Mais interpréter la bombe A et ses conséquences sur le plan de la responsabilité morale, cela suffit-il ? Albert Schweitzer par exemple l’a fait dans quelques textes magnifiques et mémorables, dès 1945. Mais hélas, non, cela ne suffit pas ; une telle réflexion atteint à peine son objet. Non. C’est l’objet de l’ouvrage impressionnant de Jean-Pierre Dupuy, La Guerre qui ne peut avoir lieu (DDB, 2018). L’armement nucléaire est un défi à la raison morale – mais aussi à la raison instrumentale : les trois possibilités qui s’offrent aux stratèges, à savoir la défense, la dissuasion ou l’attaque, ne présentent pas en soi d’efficacité satisfaisante. Et, peut-être pour cette raison, le nucléaire militaire est un angle mort de la réflexion et de l’appréhension des hommes post-modernes.
Il y a là, au fond, dans la croyance qu’un tel problème peut se régler stratégiquement, une croyance naïve en la rationalité, qui est le produit obstiné de la conjonction entre science et technique opérée au 17e siècle ; et l’efficience technique est surtout devenue la matrice d’un écheveau inextricable de problèmes tragiques… et même apocalyptiques. Et nous sommes passés à de nombreuses reprises à un cheveu d’ange de la catastrophe : Dupuy évoque quelques-unes de ces near miss catastrophes, comme disent les stratèges.

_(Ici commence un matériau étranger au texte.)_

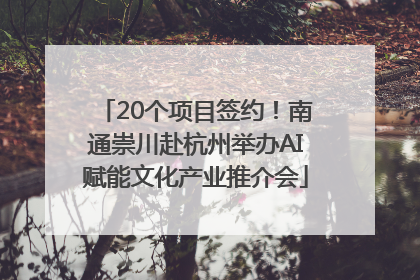20个项目签约！南通崇川赴杭州举办AI赋能文化产业推介会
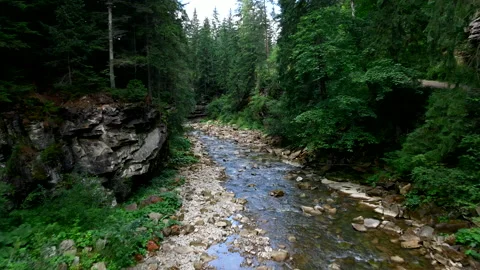 Moving forward above mountain river Stock Footage 159761471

Avec, tout de même, quelques (modestes) raisons de s’inquiéter un peu moins qu’on ne l’a fait depuis 2011. Les aboiements infantiles qu’ont échangé Kim et Trump en 2017 indiquaient que la guerre se situait au niveau des mots, et non à celui des armes. Trump est d‘ailleurs parfaitement conscient du problème principal, celui de l’indétermination du problème lui-même… Nous ne sommes plus, comme le croient stupidement la plupart des stratèges et des techniciens, dans l’ordre d’une causalité simple ; et Trump le dit dans son langage : «… rien de plus stupide que de croire que cela n’arrivera jamais juste parce que tout le monde sait que les armes nucléaires ont un immense pouvoir de destruction, et qu’on va donc se garder de les utiliser. Quel bullshit ! » (Trump, 1er mars 1990, cité par Dupuy en exergue).

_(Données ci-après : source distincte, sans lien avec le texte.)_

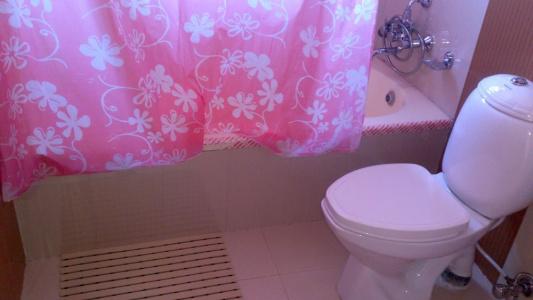 Orchid - 41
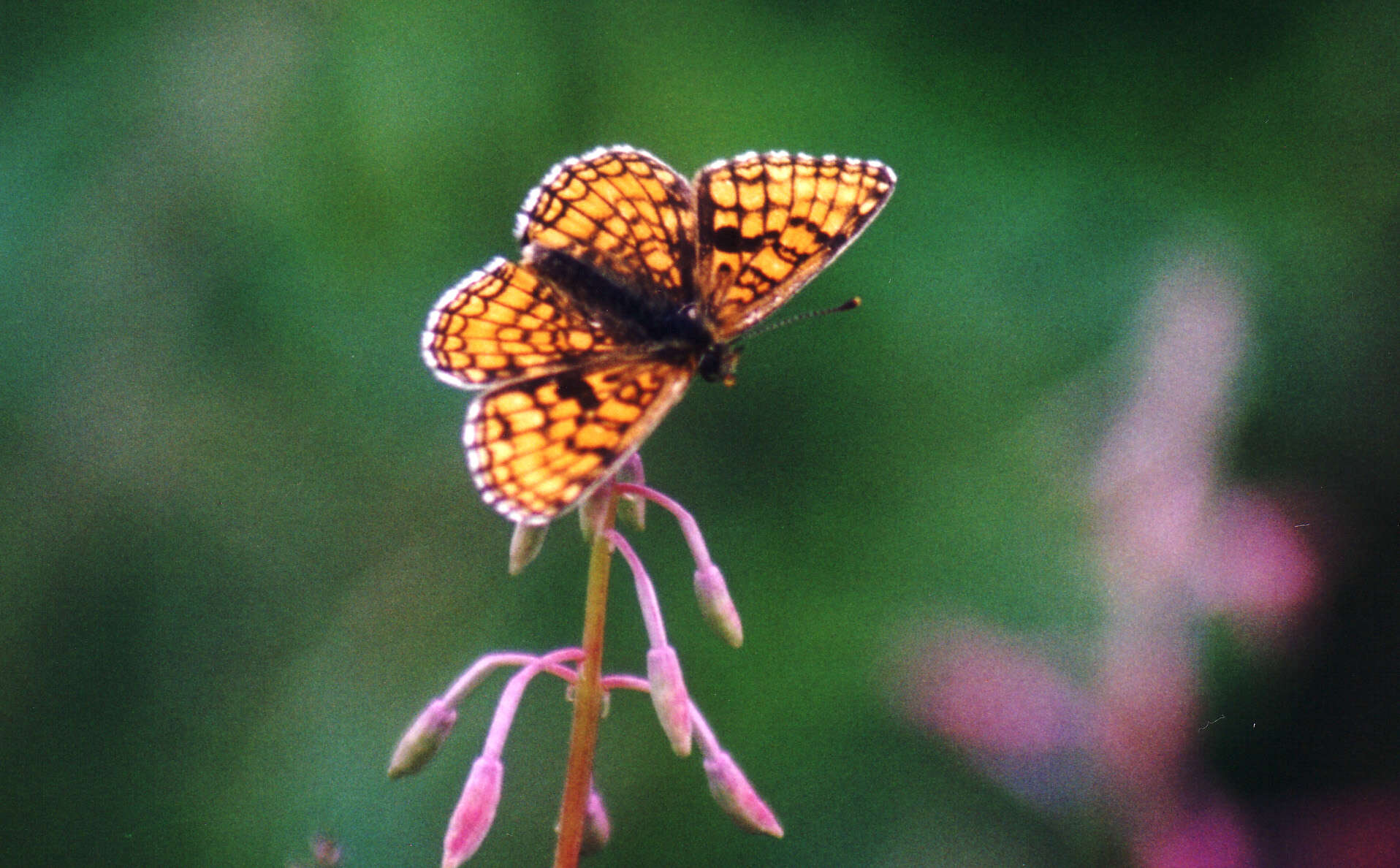 Image of Melitaea athalia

Il faut que les citoyens se préoccupent bien davantage à nouveau des dangers liés à l’armement nucléaire et sa prolifération.Nous sommes au même niveau de dangerosité qu’aux pires moments de la Guerre Froide. L’Horloge de l’Apocalypse, Doomsday Clock, en Californie, marque… minuit moins deux. En 1990, nous étions à minuit moins dix-sept . Aujourd’hui, il est minuit moins deux, Docteur Schweitzer.
La pièce de Friedrich Dürrenmatt, Les Physiciens, sera interprétée dans la mise en scène de Christian Nardin les 4 et 5 novembre au Point d’Eau, les 7 et 8 novembre au PréO.